> _Data records_
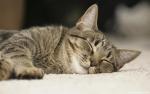 cat_217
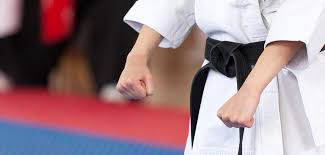 Image result for Swansea Taekwondo Club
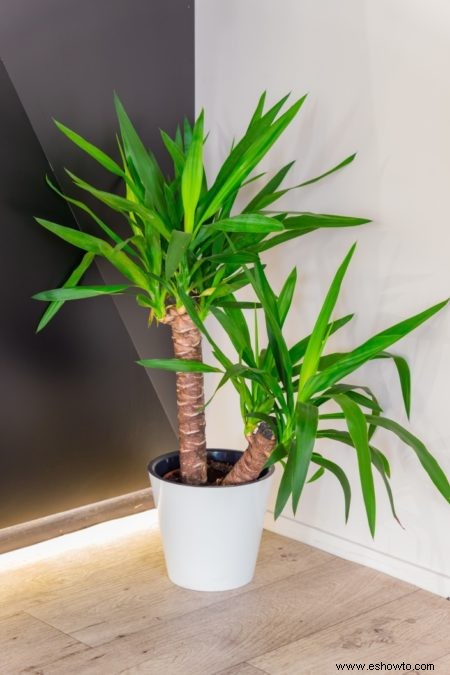 Guía de Dracaena:cómo cuidar un drago en interiores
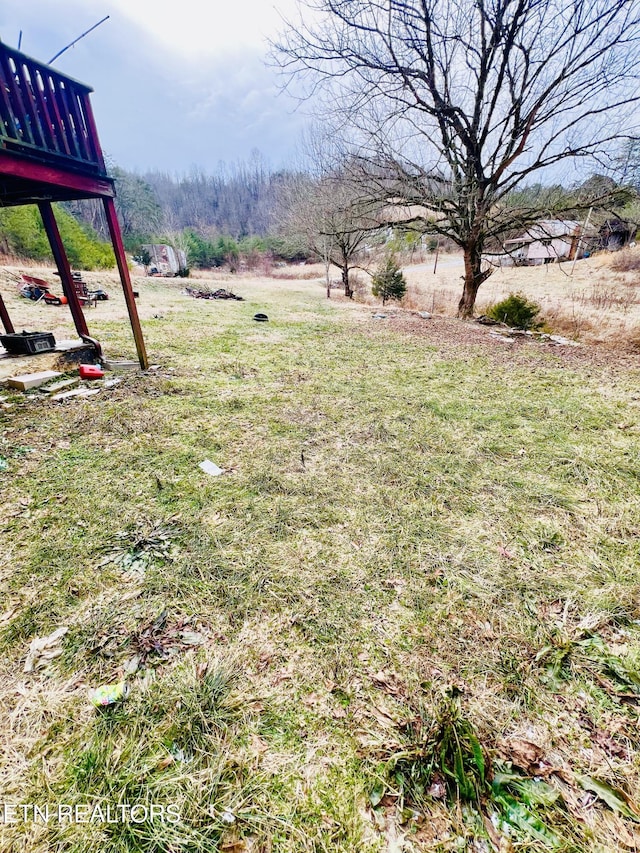 view of yard featuring a rural view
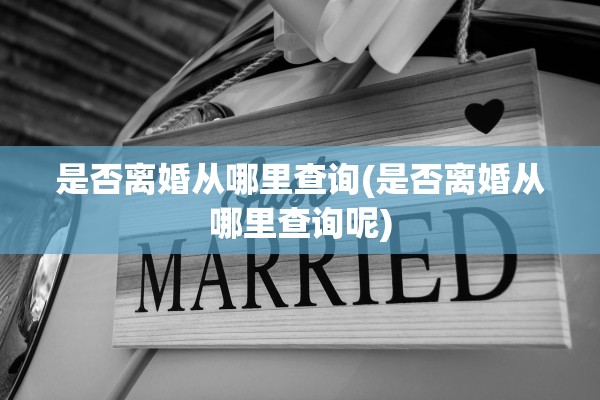 是否离婚从哪里查询(是否离婚从哪里查询呢)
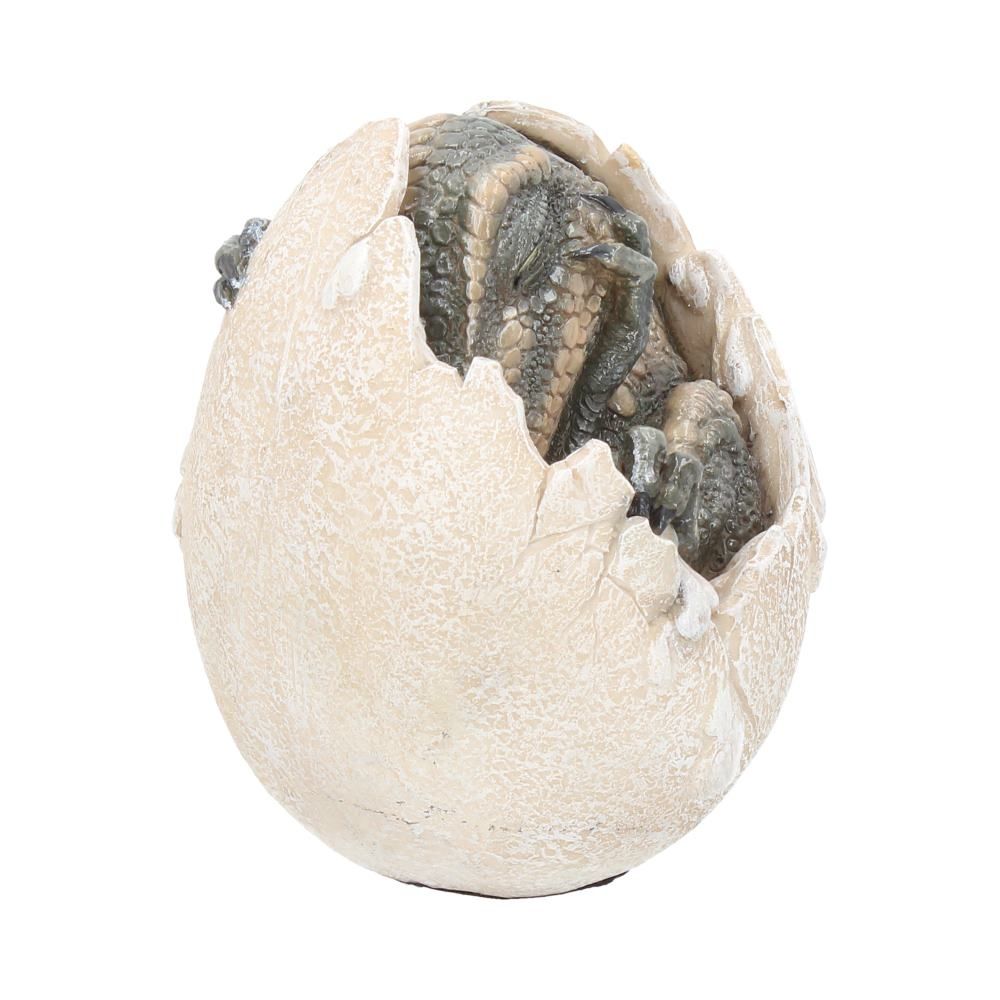 Nemesis Now - Wyrmlings Dragon Egg First Light
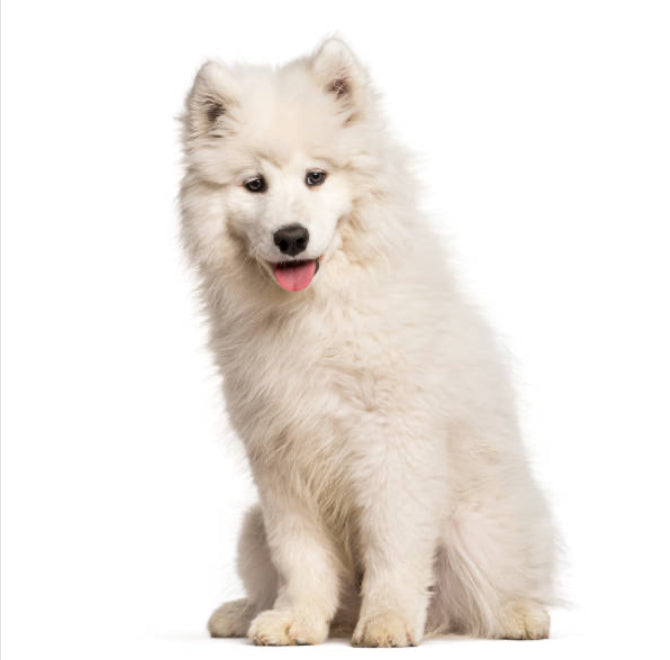 Samoyedo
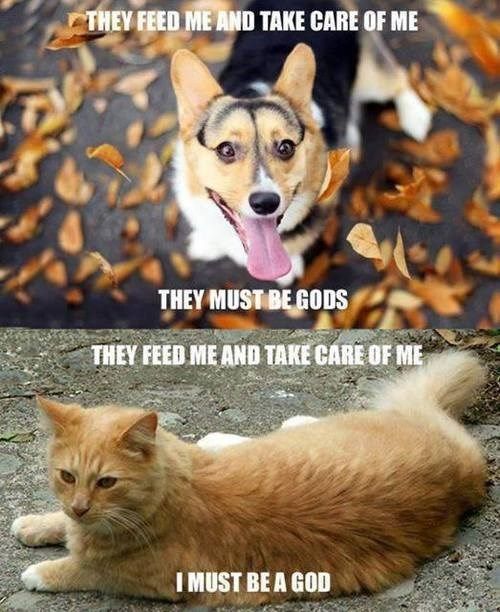 Featured image of post Cat Vs Dog Meme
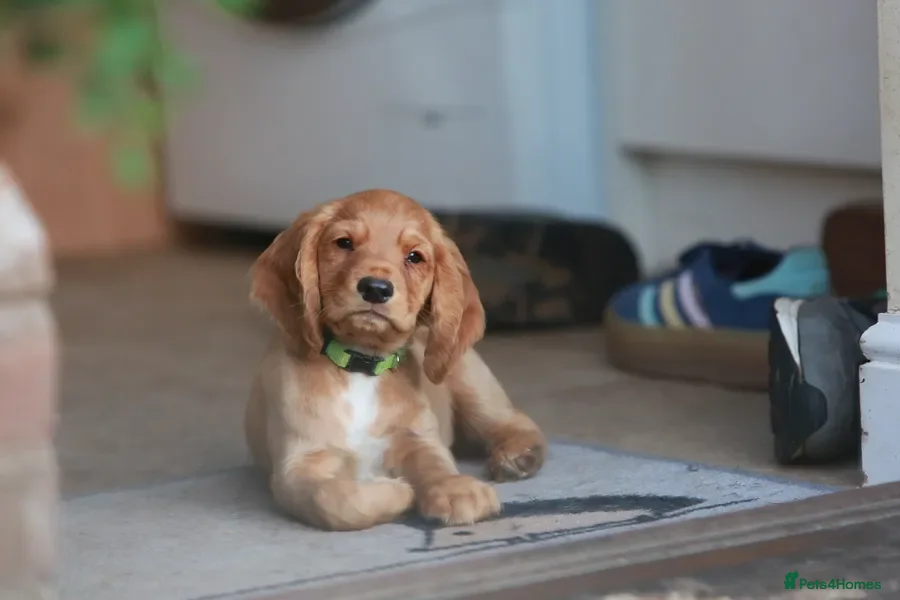Cocker Spaniel dogs Gorgeous Working Cocker Spaniel Pups KC Reg - Advert 1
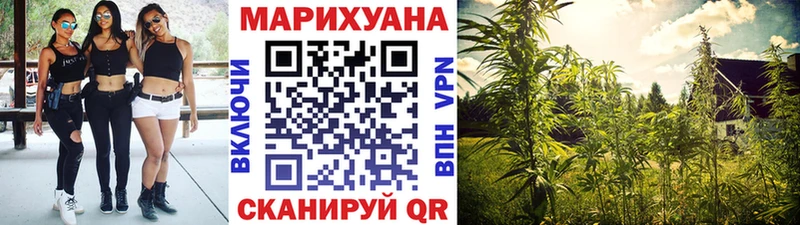 Каннабис конопля Туран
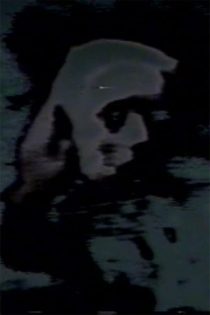 Pictures of the Lost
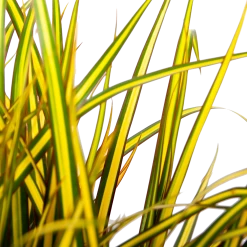 Dracaena Marginata Sunray - Op Stam - Drakenbloedboom - P21 H110 - Kamerplant -Groen Decor Verkoop dracaena marginata sunray op stam drakenbloedboom p24 h80 5 2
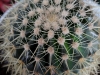 110118_cactus13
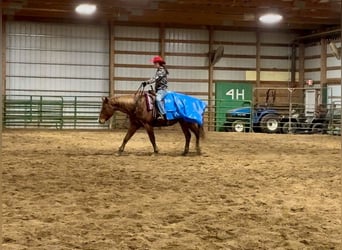 Quarter horse américain, Hongre, 8 Ans, 155 cm, Rouan Rouge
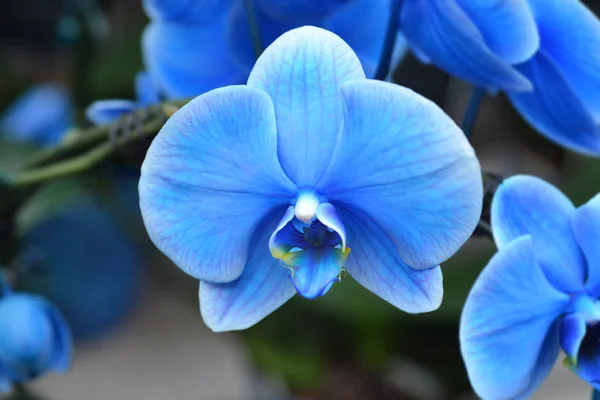 Phalaenopsis orchidee magisch blau — Stockfoto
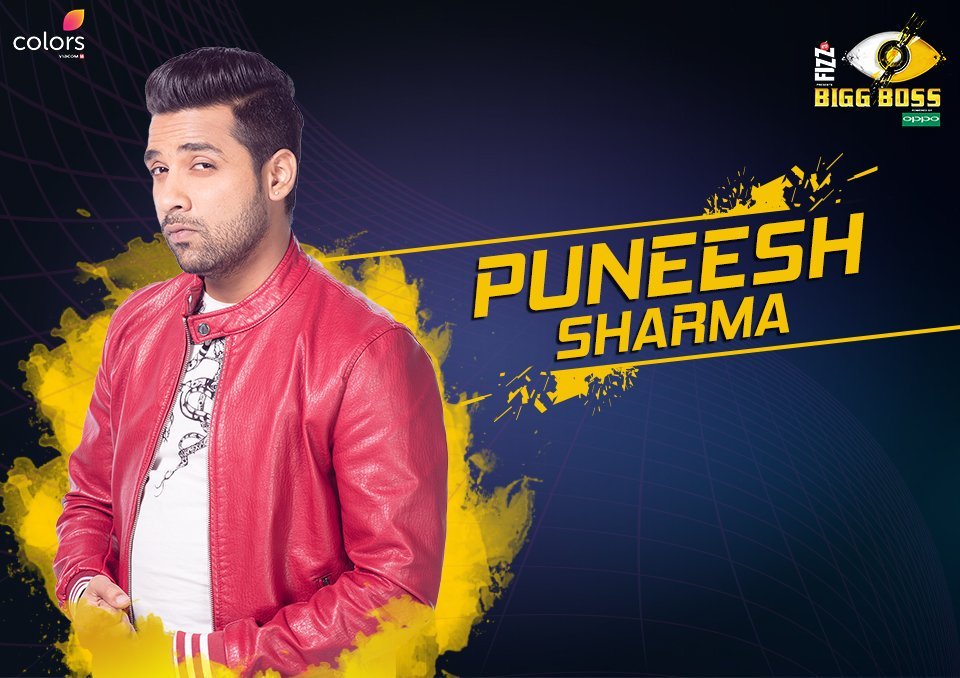 Puneesh Sharma (Bigg Boss 11)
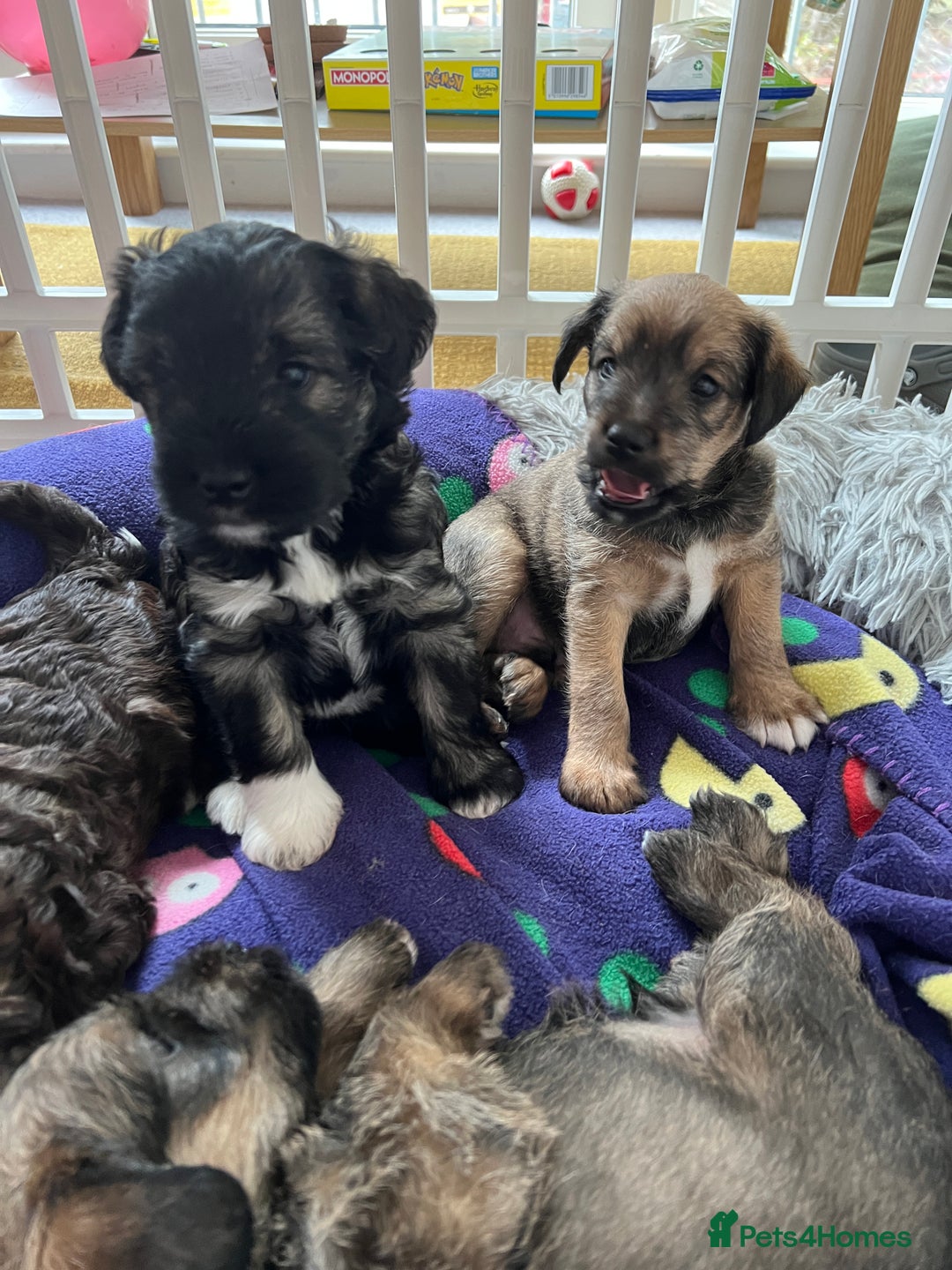 Mixed Breed dogs for sale: Schnackadoodles (Mini Schnauzer X Jackadoodle) - Image 11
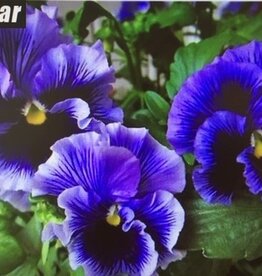 Diamond Painting viooltjes paars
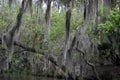 Thick Spanish Moss Hanging from Trees in Bayou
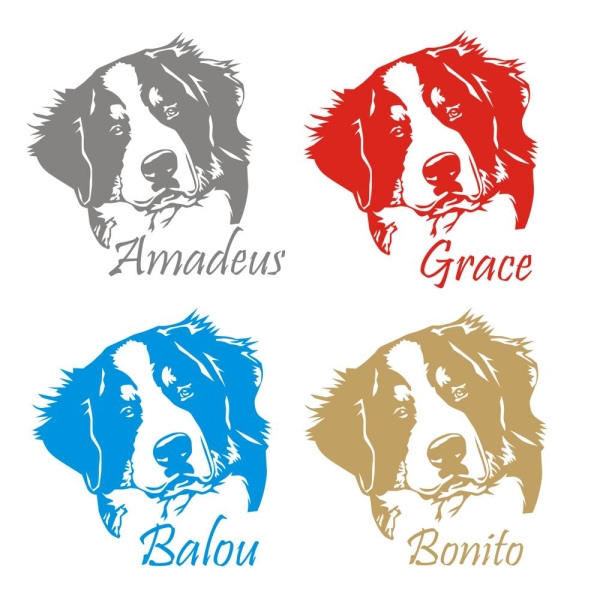 Berner Sennenhund Name Auto Aufkleber Sticker Hund A060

> _Exercise directions_
When you reach the line that contains "是否离婚从哪里查询(是否离婚从哪里查询呢)", start reproducing, and continue word for word to the end of the records; skip all pictures.

> _Response for this exercise_
 是否离婚从哪里查询(是否离婚从哪里查询呢)
 Nemesis Now - Wyrmlings Dragon Egg First Light
 Samoyedo
 Featured image of post Cat Vs Dog Meme
Cocker Spaniel dogs Gorgeous Working Cocker Spaniel Pups KC Reg - Advert 1
 Каннабис конопля Туран
 Pictures of the Lost
 Dracaena Marginata Sunray - Op Stam - Drakenbloedboom - P21 H110 - Kamerplant -Groen Decor Verkoop dracaena marginata sunray op stam drakenbloedboom p24 h80 5 2
 110118_cactus13
 Quarter horse américain, Hongre, 8 Ans, 155 cm, Rouan Rouge
 Phalaenopsis orchidee magisch blau — Stockfoto
 Puneesh Sharma (Bigg Boss 11)
 Mixed Breed dogs for sale: Schnackadoodles (Mini Schnauzer X Jackadoodle) - Image 11
 Diamond Painting viooltjes paars
 Thick Spanish Moss Hanging from Trees in Bayou
 Berner Sennenhund Name Auto Aufkleber Sticker Hund A060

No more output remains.